Enchantment: Opening Celebration

24 October 2024
5:00-8:00pm

Please join us for the opening celebration of Enchantment featuring  Rebecca Bair, Julian 伊 中 Hou and Byron Peters, guest curated by Phanuel Antwi.

 

Enchantment is a group exhibition that looks at the way that Chinatown-Downtown Eastside (and Vancouver in general) enchants international capital, investors, and tourists. Rebecca Bair, Julian 伊 中 Hou and Byron Peters insist upon a counter enchantment. To these artists, this counter enchantment comes from reworking archival materials, to insisting on the lived experience of having relations in this neighbourhood, to mobilizing speculation, and fiction, to listening to the knowledge of the surrounding communities. In a political sense, there is a degentrification of enchantment at work in this group show, and the artists invite us to reclaim the means of enchantment. Through sculpture, sound installation, and video poetry, these newly commissioned works remain alive to the ready-made imaginings of this space at the same time that they rework the knotty ties that secure the image of this place.

 

Enchantment is presented with additional support from The Studio for Racial and Colonial Tidalectics (Canada Research Chair in Black Arts and Epistemologies).

Participant Bios

Rebecca Bair is an interdisciplinary artist based in Vancouver on the unceded territories of the xʷməθkʷəy̓əm, Sḵwx̱wú7mesh, and səl̓ílwətaʔɬ peoples. Her research aims to explore the possibilities of specific representation and of identity through abstraction and non-figuration. Bair uses multimedia approaches and Sun collaborations to illustrate her exploration of identity and intersectionality, through the lens of her own experience as a Black Woman on Turtle Island. Her artistic, professional and educational goals revolve around common themes of celebrating Black plurality, as well as enabling interpersonal and intercultural care, and her work acts as a vehicle through which the complexities of history and identity can be uncovered, redefined and expressed.

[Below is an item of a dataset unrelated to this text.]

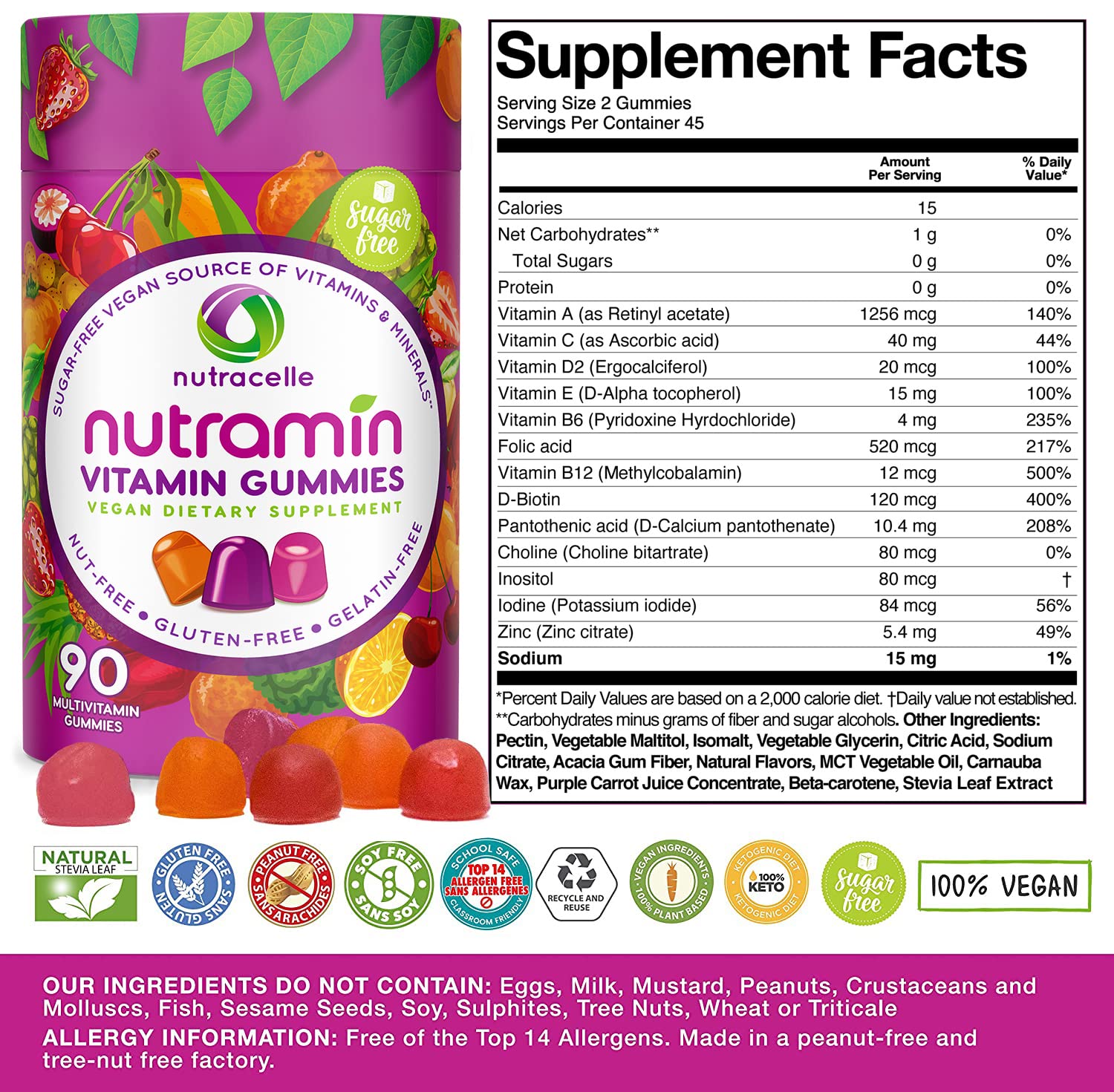 NUTRAMIN Daily Vegan Keto Multivitamin Gummies Vitamin C, D2, and Zinc for Immunity Nutracelle Au supplements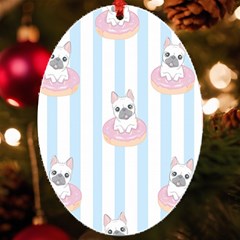 French Bulldog Dog Seamless Pattern Uv Print Acrylic Ornament Oval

Julian 伊 中 Hou is an artist based in Vancouver on the unceded territories of the xʷməθkʷəy̓əm, Sḵwx̱wú7mesh, and səl̓ílwətaʔɬ peoples. His multidisciplinary practice includes the fostering and organizing of productions through a fluid collaborative art, audio, publishing and apparel entity (Second Spring), as well as an ongoing artistic practice that involves the accumulation of new skills and application of personal symbolic invocations, collective meaning, and original methods of divination that probe the darker recesses of psychic awareness. His stalwart mediums are drawing, sculpture, songwriting, album production, and clothing as art.

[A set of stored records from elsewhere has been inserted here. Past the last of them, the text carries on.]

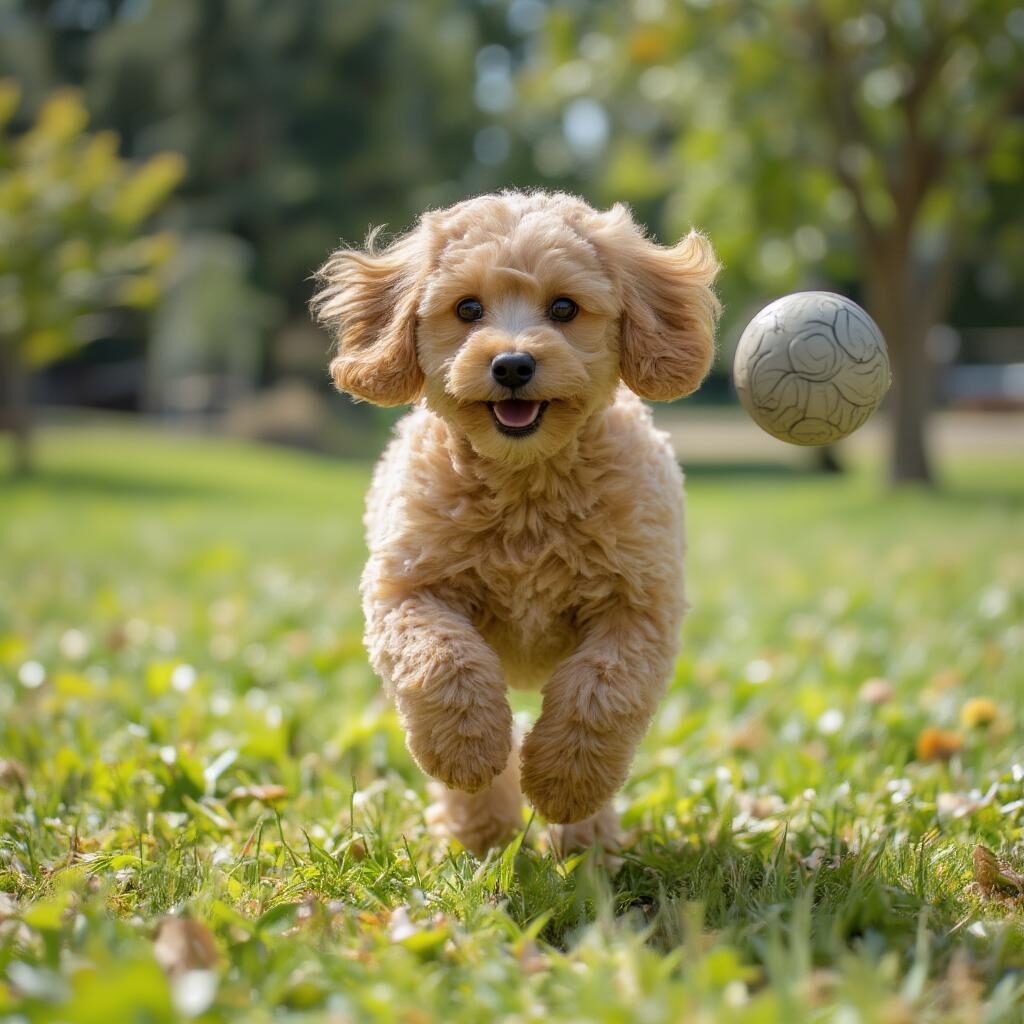 Chó Poodle vui chơi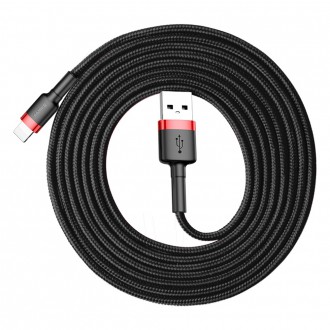 Baseus Cafule Cable odolný nylonový kabel USB / Lightning QC3.0 1,5A 2M černo-červený (CALKLF-C19)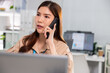 © 220 Selfmade studio - Businesswoman office smartphone phone call laptop working professional communication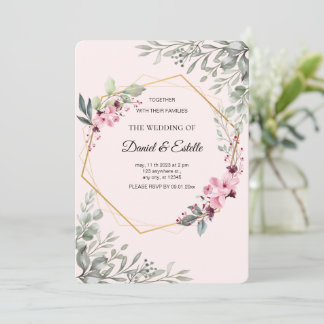 Minimalistische Blumen-Aquarell-Hochzeit Einladung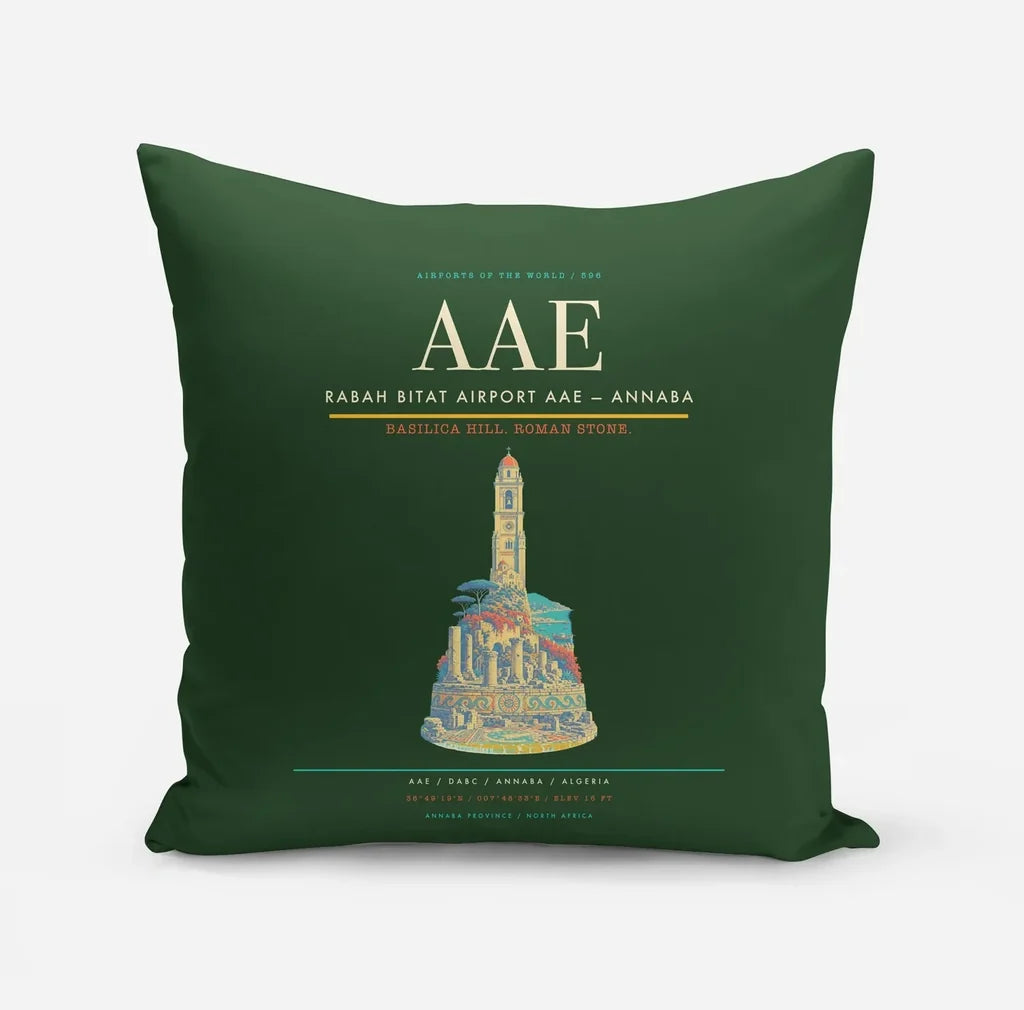 Rabah Bitat Airport (AAE) design on dark green pillow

Byron Peters is an artist and filmmaker based on the unceded territories of the xʷməθkʷəy̓əm, Sḵwx̱wú7mesh, and səl̓ílwətaʔɬ peoples. Often through long-term collaborations, their work engages with collective labour practices, digitality and racial capitalism, community archives, and histories of science. Since 2018, Byron collaborated with the late activist and community television producer Sid Chow Tan towards archive-based films that weave together questions of racial justice, mathematics, mythologies, and histories of Chinatown and the Downtown Eastside of Vancouver, including the forthcoming The Search for Kwan Kung Pt. II.

Phanuel Antwi is an Associate Professor in the Department of English Language and Literatures at UBC. In 2022 he was named Canada Research Chair in Black Arts and Epistemologies. He is an artist, curator, and organiser concerned with race, poetics, movements, intimacy and struggle.